Janet and Neil Title, who live in Arlington, have had their seder meal at Felix for several years. They've been invited to a few Seders by friends and family -- he's Jewish, she's not. "But not everyone gets invited every year," Janet Title said. "Sometimes we'll feel like being at a Seder with a whole bunch of people, but sometimes not."
So they started going to Felix, where they say the matzoh balls made from Popovsky's mom's recipe are fluffy and the pot roast is good.
"I remember last year there was a couple sitting next to us who opened the prayer books and did the whole Seder by the book, quietly together," Title said. "I thought it was really charming."
None of these restaurants offer a truly kosher Seder; that would be an expensive and elaborate undertaking that would require and the involvement of a rabbi and the scrubbing of the entire kitchen to cleanse it of chametz, or leavening agents.
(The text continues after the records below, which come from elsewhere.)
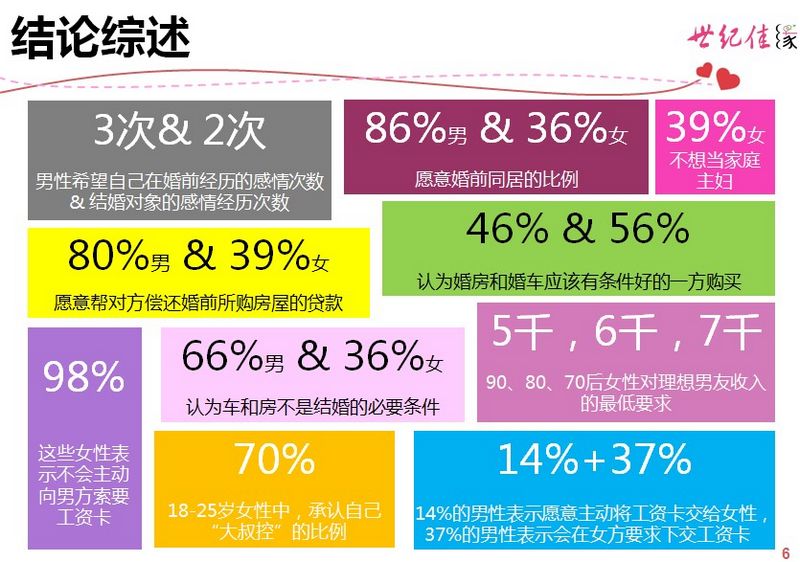 世纪佳缘实体店价格表，探索婚恋服务的新领域，世纪佳缘实体店价格表，探索婚恋服务新领域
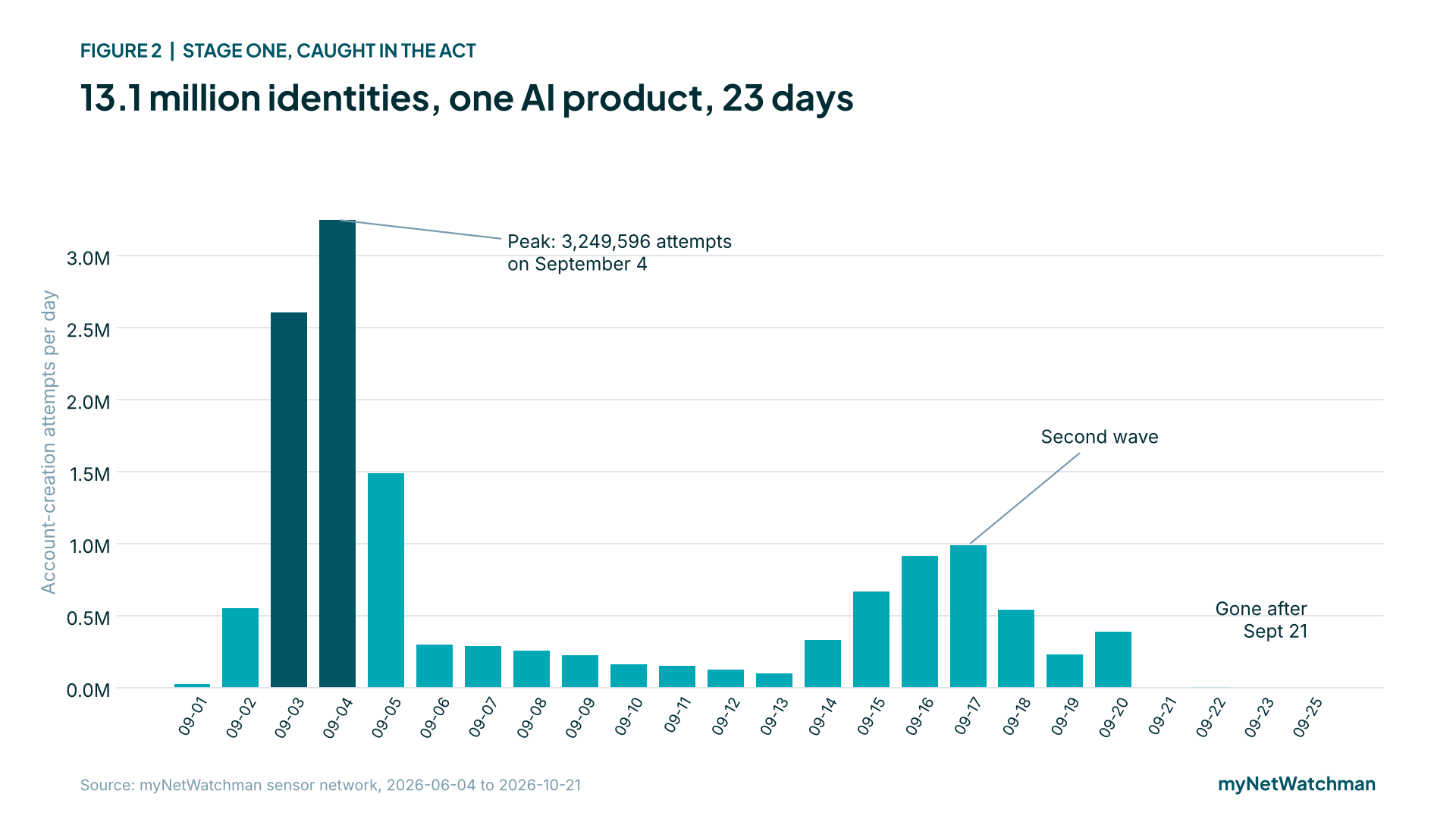 Figure 2, stage one caught in the act. Daily bar chart of account-creation attempts at one AI product, September 1 to 25: 13.1 million identities in 23 days, peaking at 3,249,596 attempts on September 4, a second wave around September 15 to 20, and gone after September 21.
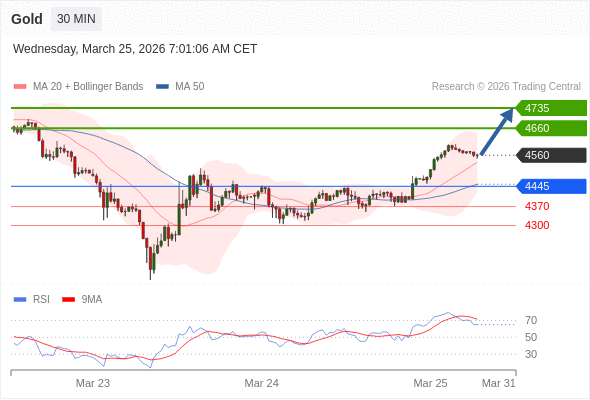 Analyst Views Chart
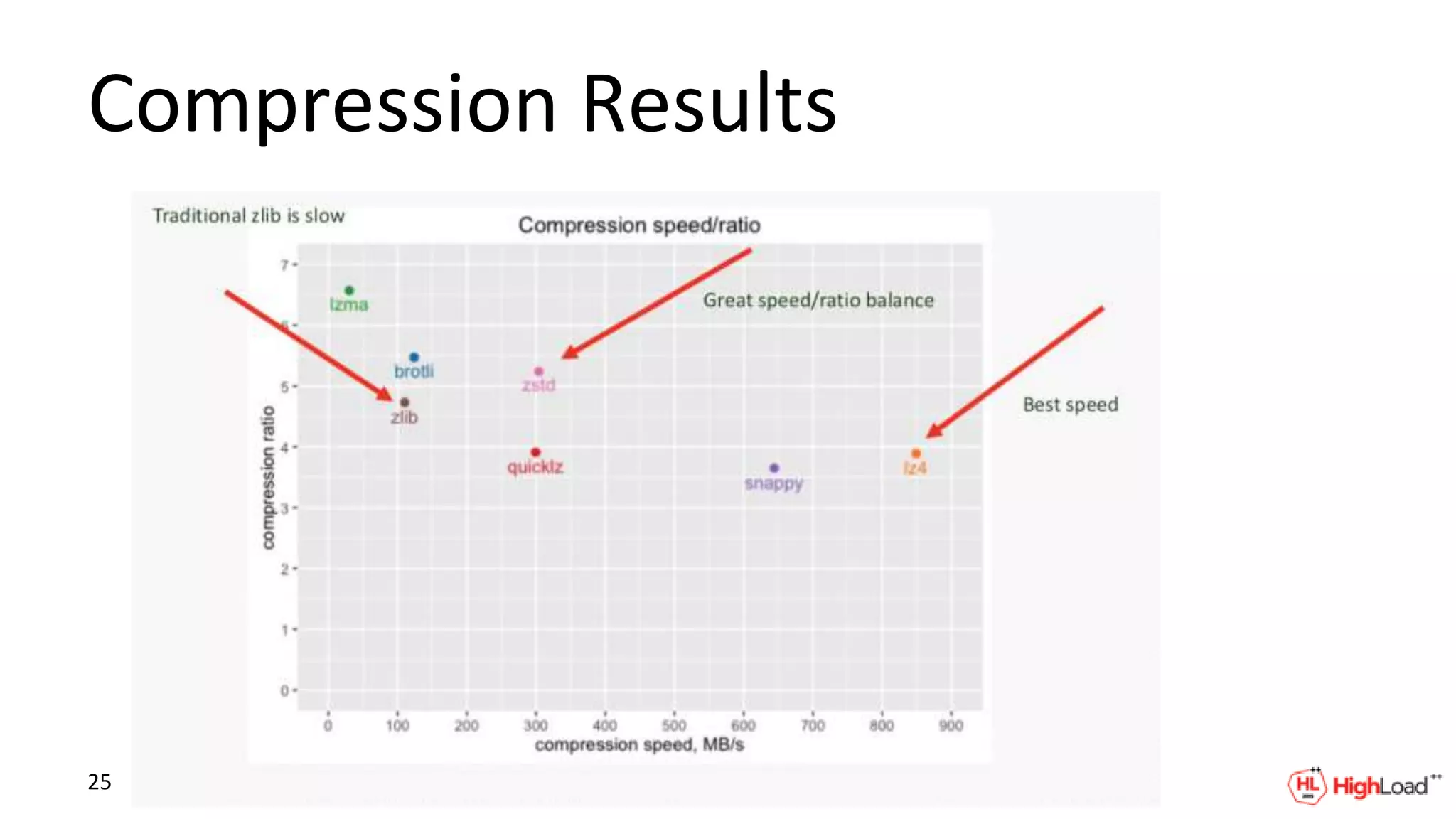 Compression Results
25
 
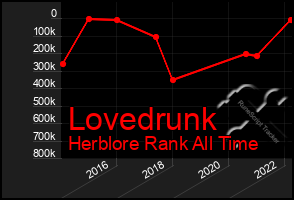 Total Graph of Lovedrunk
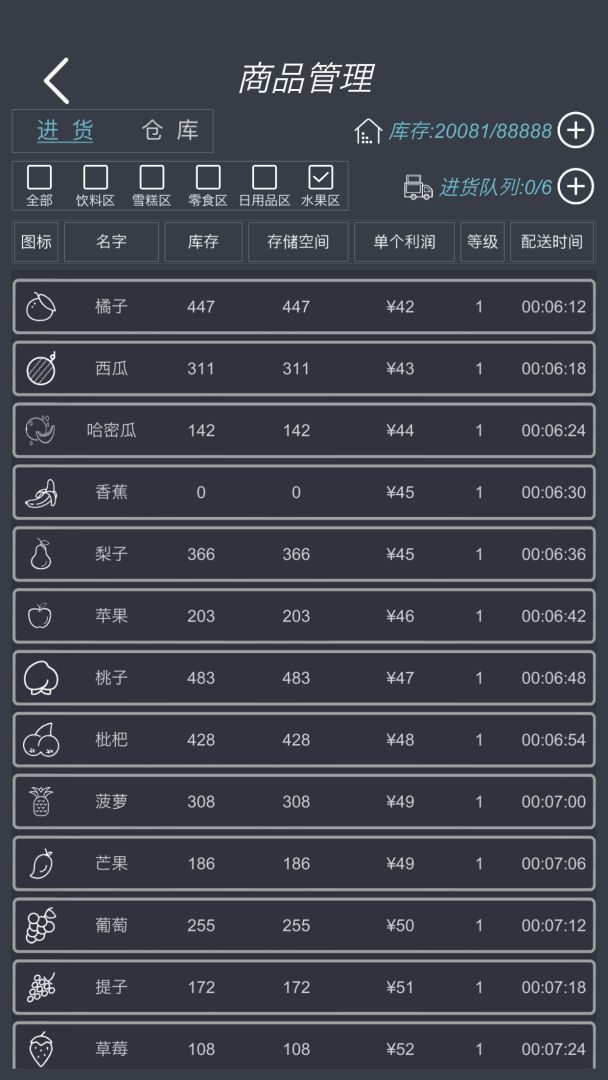 模拟经营:我的超市游戏截图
Rabbi: Better than no Seder at all
Some hotels and restaurants, especially in New York City, offer a kosher Seder. But at least one local restaurateur believes it's against the spirit of the Seder.
"We're closed and not offering any kind of Seder," said John Welfeld, general manager of the Red Heifer in Bethesda, one of the area's most popular kosher restaurants. "These restaurants that are doing a Seder, it's sacrilegious in a way."
At the very least, restaurant Seders dilute the religious ritual, said Daniel Zemel, rabbi at Temple Micah in Northwest Washington.
"A religious ritual begins the moment the host begins to put together the invitation list and begins preparing the home," Zemel said. "It's played out in the home."
"But then again," he added, "maybe it's better to do that than no Seder at all."